When a maimed corpse is found years later in the London sewers it bears all the hallmarks of the torture they suffered, and from the blood-scrawled word: ‘Survival’, Bowman knows it is one of his men who carried out the evil deed. He makes it his mission to find the killer and his journey takes us across to America, Mexico and the Wild West – where the tortured body-count grows. There’s violence, greed, retribution, vengeance, horror, and the worst of men but also healing and growth of the spirit and forgiveness here. Overall you are rooting for the brutalised Bowman, a man of his time who does have a moral compass there somewhere – the further away from the East India Company he gets, the more he improves!

As near as five stars as dammit, for a book that is twice as long as I would normally prefer. Still, it did come from an author whose two previous novels translated into English I've both enjoyed. But nothing led me to expect this – a perfectly evoked historical milieu of rotten warfare for ill gains in Asia, a smelly, shit-ridden London and more, that I just wouldn't have expected from such a cosmopolitan-seeming French author. His usual damaged males in a damaged male world are given a lot of pages to populate, but they're pretty much all engaging. If you read the blurb, quotes or other reviews and expect an out-and-out historical crime thriller you may well find pieces here lacking, but I loved the book for what it adds to that bare framework – it's rich, absorbing and really quite cleverly done.

This is a extraordinary and epic translated novel, a hybrid of a number of genres taking in among others, adventure and western, that imprints itself on your consciousness and is destined to remain there for a long time. It begins with Sergeant Arthur Bowman, a loner, an East India Company soldier, sent on a covert mission in the second Anglo-Burma war in 1852 with a ragtag group of men. The mission is a failure, they suffer some of the worst that mankind offers and only a handful of barely alive men survive, with Bowman's mantra, Survival, embedded in their torn souls. This is a story of greed, retribution, redemption, forgiveness, what it is to live tenuously on the edge between life and death, and the driven search for a deeply disturbed killer that spans continents.

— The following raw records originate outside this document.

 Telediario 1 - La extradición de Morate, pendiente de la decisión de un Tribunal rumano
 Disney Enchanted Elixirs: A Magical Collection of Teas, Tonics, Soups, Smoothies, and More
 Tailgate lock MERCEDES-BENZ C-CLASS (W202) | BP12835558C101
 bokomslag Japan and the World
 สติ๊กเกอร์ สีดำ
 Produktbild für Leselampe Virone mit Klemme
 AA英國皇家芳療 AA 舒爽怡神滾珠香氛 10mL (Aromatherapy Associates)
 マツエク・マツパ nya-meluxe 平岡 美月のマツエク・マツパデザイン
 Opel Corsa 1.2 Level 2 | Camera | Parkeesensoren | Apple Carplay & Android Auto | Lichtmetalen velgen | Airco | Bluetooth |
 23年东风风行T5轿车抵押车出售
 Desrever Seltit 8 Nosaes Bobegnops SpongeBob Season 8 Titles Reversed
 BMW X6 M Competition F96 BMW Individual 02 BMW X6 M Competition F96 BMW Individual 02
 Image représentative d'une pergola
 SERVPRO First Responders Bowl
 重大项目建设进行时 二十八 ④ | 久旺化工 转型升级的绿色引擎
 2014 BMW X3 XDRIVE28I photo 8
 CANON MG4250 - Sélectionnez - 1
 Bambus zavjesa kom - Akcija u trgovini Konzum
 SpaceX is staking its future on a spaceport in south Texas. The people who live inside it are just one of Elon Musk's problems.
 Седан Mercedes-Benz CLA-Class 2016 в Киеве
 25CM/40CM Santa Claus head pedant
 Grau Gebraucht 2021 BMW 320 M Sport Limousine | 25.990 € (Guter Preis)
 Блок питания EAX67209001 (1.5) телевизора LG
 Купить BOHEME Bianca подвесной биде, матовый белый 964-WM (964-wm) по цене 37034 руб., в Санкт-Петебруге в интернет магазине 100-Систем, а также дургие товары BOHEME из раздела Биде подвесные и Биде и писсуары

A deeply traumatised Bowman, a heavy drinker and visitor of opium dens, is working as a policeman in an impoverished and stinking London. Suspended after a man is killed, he then finds himself being led to an unimaginable murder with the word 'survival' at the scene. He knows it could only have been committed by his group of men. Prior to being disbanded, the East India Company deny such a mission occurred and Bowman becomes the chief suspect. He locates Captain Reeve who tracks down the current whereabouts of those men and gives Bowman a veritable fortune. Upon locating most of the men, Bowman finds nearly all are victim to misfortune, death, and madness. By coincidence, he comes across a New York Tribune article that relates a murder with the same MO in Reunion, Texas. Becoming aware that two of the group are in the USA, he travels there to find his man to stop him. His search takes him to the wild west, across many states and Mexico. He encounters pioneers, farmers, gold prospectors, soldiers, indians, slavery, the American Civil War and Alexandra Desmond. The journey tests him to his limits and puts him on the path of profound change as the ghosts around him multiply.
This is a complex and intricate story of its time, of how much the human spirit can suffer, endure and the slight possibility of hope. Bowman is a man who tries to put right the wrongs he encounters without fear because he has seen all the horror there is to see and done much he is not proud of. He is a man more sinned against than sinning. The writing is sublime, vivid and descriptive, with a compelling narrative that captures the countries in that specific historical period. The author has clearly done his research. This is a book I loved and which I highly recommend. Thanks to Quercus for an ARC.